(Information shown Opens)

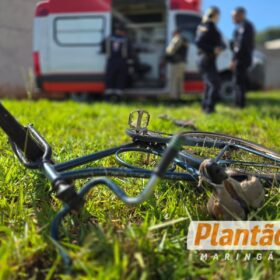 Homem de 34 anos é esfaqueado durante briga em terreno baldio em Maringá Foto 6 Fotos de Homem de 34 anos é esfaqueado durante briga em terreno baldio em Maringá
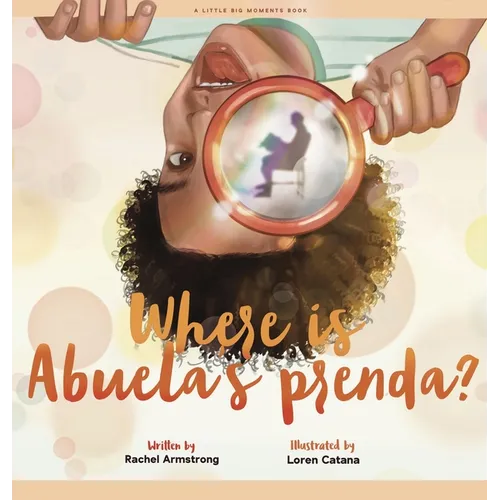Where is Abuela's Prenda?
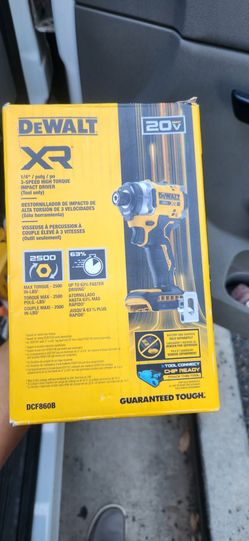 Milwaukee impact drill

(Information shown Closes)

Activity
The lines from the one containing "Where is Abuela's Prenda?" up to and including the last line of the material above are to be given again exactly; any pictures are dropped.

Task response
Where is Abuela's Prenda?
 Milwaukee impact drill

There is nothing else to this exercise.